AMC Networks attorneys have sought to question Darabont and others involved in depositions related to the “Walking Dead” case on their knowledge of CAA’s packaging fee arrangements on the show, which Darabont shepherded for AMC in its first season. But AMC reps maintain that Dale Kinsella, lead attorney for Darabont and CAA, has improperly told witnesses not to answer those questions.
Lawyers for AMC have asked New York Superior Court judge overseeing the case for a hearing to address what AMC reps described as “improper and obstructive deposition conduct” by Kinsella in a letter sent to Judge Joel Cohen on Monday. Lead AMC Networks attorney Orin Snyder asserted that Kinsella is trying to shut down questioning related to CAA’s profit participation definition and how it may differ from the definition that the agency negotiated for its client Darabont on “Walking Dead.”
“Defendants have struck a raw nerve by exposing fundamental flaws in Plaintiffs’ case. Kinsella does not want Defendants to probe his clients’ contradictory positions on the (modified adjusted gross receipts) definition,” Snyder wrote. “Even more, he does not want Defendants to expose the egregious conflict of interest between Darabont and his agents at CAA. The dirty secret in Hollywood is that talent agencies often sell their clients down the river in exchange for bigger packaging fees for themselves.”
Snyder’s letter also accuses Kinsella of making insulting remarks about AMC’s legal team during the deposition questioning process. One example cited in the AMC letter asserts that Kinsella told a deposition witness: “Don’t get dragged down into the gutter of nonsense questions by Mr. Snyder.”
On Tuesday, Darabont/CAA attorney Jerry Bernstein and Kinsella fired back and urged the judge to deny the hearing request.
“As revealed in our letter to the court, AMC’s effort to disrupt and delay the existing trial date by creating sham discovery disputes is never ending,” Kinsella said in a statement. “Understandably obsessed with focusing attention on anything but its own despicable behavior toward the profit participants, AMC has opportunistically attempted to link the WGA’s dispute with talent agencies as somehow relevant to AMC’s defense to Mr. Darabont’s claims regarding unpaid back end profits. We are optimistic the court will see through Mr. Snyder’s specious arguments and keep the parties on track for the scheduled trial.”
In the response letter, Bernstein details what he describes as AMC’s effort to “make a mockery” of the deposition process.

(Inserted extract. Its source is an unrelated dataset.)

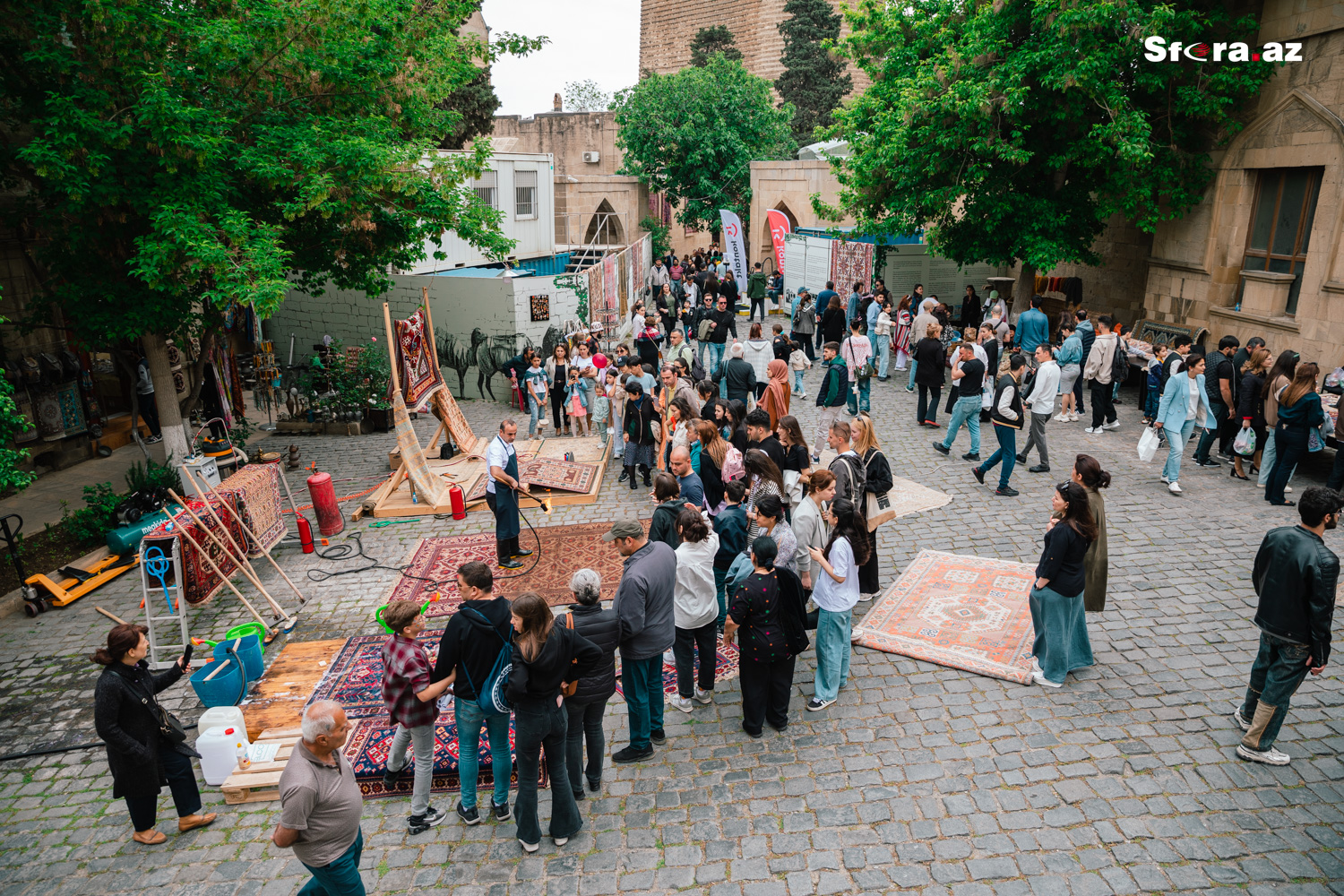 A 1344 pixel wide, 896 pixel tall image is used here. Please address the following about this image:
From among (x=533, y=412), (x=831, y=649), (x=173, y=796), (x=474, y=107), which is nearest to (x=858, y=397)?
(x=533, y=412)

“Mr. Snyder took an outrageous, unprecedented, and almost entirely improper deposition of Darabont aimed solely at harassment and intimidation rather than fact discovery,” Bernstein’s letter states. “Yet, after spending most of its time asking hopelessly irrelevant questions, AMC now claims that it should be entitled to additional deposition time with Darabont and his representatives. Mr. Snyder’s deposition conduct was designed to harass, intimidate, invade the attorney-client privilege, and attempted to drive wedges between Darabont, CAA, and Darabont’s legal representatives.”
The “Walking Dead” lawsuit is targeted to go to trial in May 2020.
The WGA and Association of Talent Agents have been at war since April 12, when the guild instructed its nearly 15,000 members to fire talent agents who would not sign the guild’s newly established Agency Code of Conduct. The guild’s new code bars agencies from receiving packaging fees from production entities, among other reforms.